(Bloomberg) Brazil, which became a net oil exporter last year, wants to expand its footprint in global energy markets without joining OPEC.
The South American nation expects to be among the top-five energy exporters by 2030, and is tapping private investment to boost output, according to energy and mines minister Bento Albuquerque. It’s also working on making rules more favorable for investors in upcoming auctions for oil and natural gas licenses.
“The idea is just to increase our production and to participate more in the international oil and gas market,” he said in an interview in New Delhi. “But this is not a plan for Brazil to join OPEC or any other association or group of oil and gas producers. We don’t want restrictions, we want to increase our production.”
With Brazil’s output set to significantly expand in the next few years as more of its offshore reserves are drilled, speculation has swirled over whether it will become part of OPEC. While President Jair Bolsonaro last year welcomed an informal invitation to join the group, the head of the country’s state-controlled energy company dismissed the idea.
Brazil is open to having discussions with members of the Organization of Petroleum Exporting Countries on energy-related issues, Albuquerque said. He expects to visit Saudi Arabia, OPEC’s biggest producer, later this year.

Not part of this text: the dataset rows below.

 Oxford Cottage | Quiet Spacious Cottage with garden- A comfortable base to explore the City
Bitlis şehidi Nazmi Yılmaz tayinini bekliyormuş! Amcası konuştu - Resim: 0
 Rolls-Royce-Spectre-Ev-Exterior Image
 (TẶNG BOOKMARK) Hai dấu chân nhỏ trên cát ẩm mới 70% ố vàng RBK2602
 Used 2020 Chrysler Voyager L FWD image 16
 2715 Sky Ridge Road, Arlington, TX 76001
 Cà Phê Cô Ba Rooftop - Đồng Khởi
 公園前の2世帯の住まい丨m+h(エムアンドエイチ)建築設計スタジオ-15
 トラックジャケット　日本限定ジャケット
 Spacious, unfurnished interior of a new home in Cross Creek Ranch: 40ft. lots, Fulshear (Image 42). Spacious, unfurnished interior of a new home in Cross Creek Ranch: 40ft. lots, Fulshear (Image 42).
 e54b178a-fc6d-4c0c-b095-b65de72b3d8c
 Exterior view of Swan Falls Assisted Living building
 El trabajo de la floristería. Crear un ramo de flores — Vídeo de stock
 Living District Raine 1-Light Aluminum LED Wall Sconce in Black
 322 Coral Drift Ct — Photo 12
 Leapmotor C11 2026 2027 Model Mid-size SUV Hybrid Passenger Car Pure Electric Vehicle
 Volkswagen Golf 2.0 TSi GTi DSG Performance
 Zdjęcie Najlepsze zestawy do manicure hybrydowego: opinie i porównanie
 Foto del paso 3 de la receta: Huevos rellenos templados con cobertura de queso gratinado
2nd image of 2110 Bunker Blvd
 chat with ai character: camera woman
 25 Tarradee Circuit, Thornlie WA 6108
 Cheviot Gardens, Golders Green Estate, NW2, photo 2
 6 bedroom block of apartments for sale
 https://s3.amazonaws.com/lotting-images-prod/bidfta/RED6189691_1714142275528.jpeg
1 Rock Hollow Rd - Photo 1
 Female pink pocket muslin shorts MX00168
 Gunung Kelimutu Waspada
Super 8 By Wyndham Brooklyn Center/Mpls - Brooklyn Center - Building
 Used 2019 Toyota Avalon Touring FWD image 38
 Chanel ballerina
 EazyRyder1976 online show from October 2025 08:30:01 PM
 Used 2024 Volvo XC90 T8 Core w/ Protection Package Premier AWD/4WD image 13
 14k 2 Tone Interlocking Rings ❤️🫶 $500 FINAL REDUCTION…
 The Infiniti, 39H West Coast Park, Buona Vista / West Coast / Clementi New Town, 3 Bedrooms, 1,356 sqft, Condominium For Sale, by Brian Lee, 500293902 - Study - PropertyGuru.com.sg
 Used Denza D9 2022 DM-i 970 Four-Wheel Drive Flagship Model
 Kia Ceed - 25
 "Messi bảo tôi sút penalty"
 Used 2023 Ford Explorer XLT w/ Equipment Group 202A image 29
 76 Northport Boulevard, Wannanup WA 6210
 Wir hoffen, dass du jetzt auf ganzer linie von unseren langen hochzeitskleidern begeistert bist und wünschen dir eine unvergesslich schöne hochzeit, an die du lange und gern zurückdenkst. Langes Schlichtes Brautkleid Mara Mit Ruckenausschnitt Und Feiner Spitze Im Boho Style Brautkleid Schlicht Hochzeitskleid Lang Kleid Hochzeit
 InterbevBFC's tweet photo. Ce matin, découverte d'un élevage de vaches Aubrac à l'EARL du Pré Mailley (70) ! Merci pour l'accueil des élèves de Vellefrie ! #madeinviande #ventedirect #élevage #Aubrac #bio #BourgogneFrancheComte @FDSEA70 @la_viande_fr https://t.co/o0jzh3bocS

The Latin American country is seeking feedback from global oil majors to improve participation in upcoming auctions. It wants to increase the share of output from companies other than state-controlled Petroleo Brasileiro SA, known as Petrobras.
“Petrobras has a lot of oil and lot of areas to exploit, but it doesn’t have enough funds to prospect all these areas,” Albuquerque said. “There’s a limit for Petrobras. For that reason, we want to make it attractive for others to come and do the investment.”
Albuquerque’s other comments:
- Brazil sees room for increasing energy exports to India, one of the fastest growing consumers of oil.
- The country has proposed that Indian companies set up refineries in Brazil and participate in Petrobras’ sale of some of its plants.
- Brazil is considering opening up its nuclear industry to private companies, plans to complete its third atomic power plant by 2025 and wants to build six more.
- State-owned Industrias Nucleares do Brasil, or INB, will resume uranium mining at Caetite in the Bahia state next month after a gap of five years.